Indeed, many who listen with English ears often make grave mistake of settling for English translations and interpretations of a language they didn’t grow-up with or understand well-enough — and by the time they finish trying to figure-it-out, ‘Pawol Papa Juke Bois’ has long left them behind…

Hence why I’m warned by (some) fellow former Samarians that if I’m holding my breath waiting and expecting the Cletus we know ‘to even mention Jook Bwa’s name’, I’d better exhale quickly (lest I stifle myself…)

Thing is, though: I’m not Otis Redding, who traveled 2,000 miles from Georgia to sit on the dock of the San Francisco Bay to watch the tides rolling-in.

Instead, I was born and grew-up ‘by-the-bay’ in Faux-a-Chaux watching the ships roll-in for the past six decades — and now I’ve also seen five COVID tidal waves simply roll-in through the bay like tsunamis.

Looking at the tourism berths on the dock of the bay from the Castries Waterfront and watching the bay at the entrance to the harbour from my window these past few mornings, there’ve been no cruise ships rolling in or out — just like Jook Bwa said.

I don’t agree with most of what he says about vaccines generally.

If one gets rid of stale ear wax and listens clearly — with both ears and languages — Sam is not really and totally against all vaccines.

But that’s for another Pawol Papa Jook Bwa…

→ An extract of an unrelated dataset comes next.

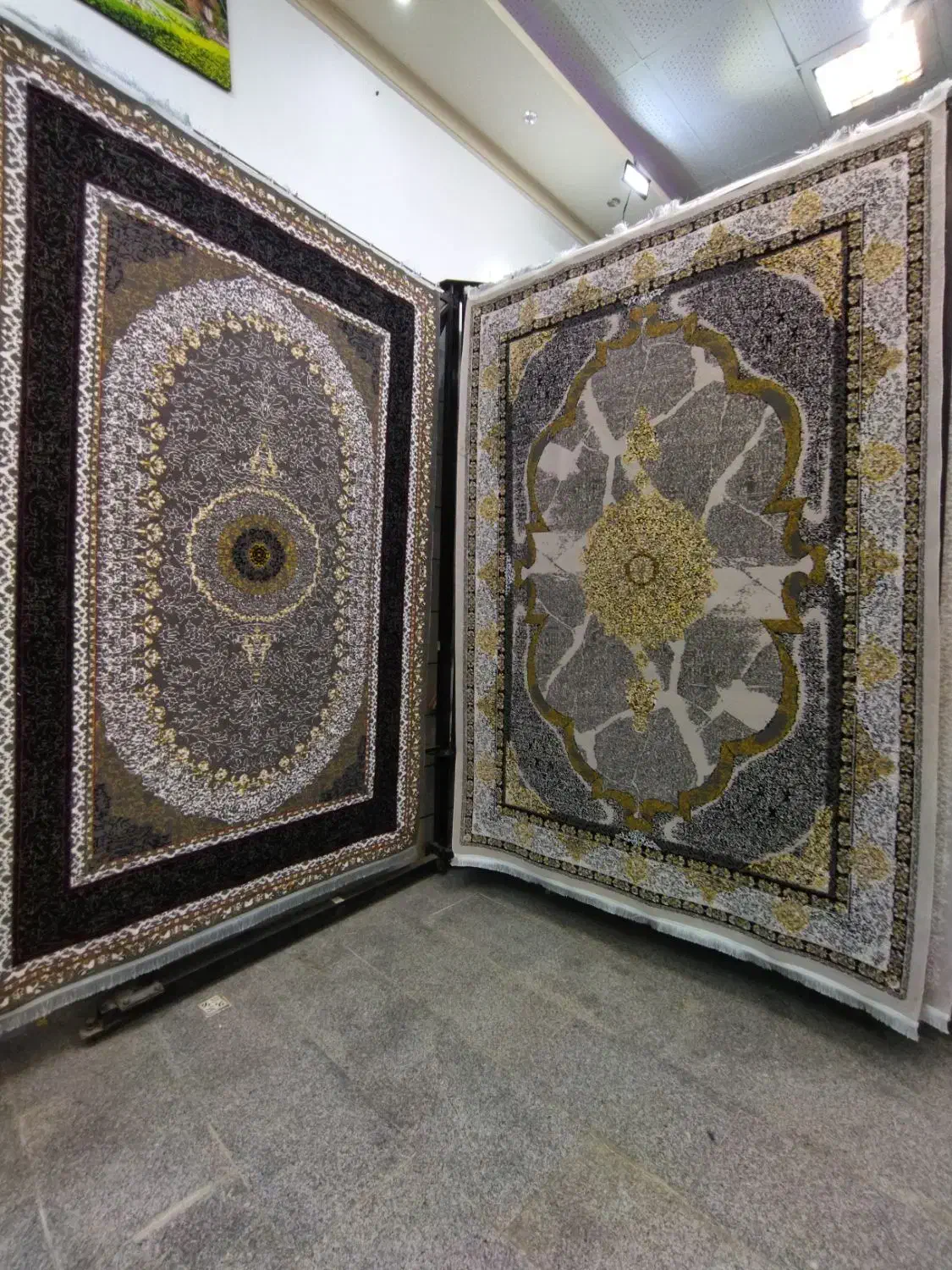 فرش شاهان|فرش|سلماس, |دیوار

Meanwhile, like most who listen, I do still enjoy his special musical selections chosen to make his jabbing case: that taking ‘a jab’ is like accepting a Death Sentence from ‘The Devil’ (Jab-la).

Like it or not, Sam Flood is the very best at what he does – and therein lies the problem for those whose responsibility it is to help the health authorities’ vaccination drive by providing verifiable information to Saint Lucians at home and abroad, in ways they will listen – and a language they’ll understand.

IN CASE YOU DIDN’T KNOW: Otis Redding sang Sitting on the Dock of the Bay in 1967, but died in a plane crash in December that year; and the hit song was released January 8, 1968 – exactly 54 years and one-week-ago, today.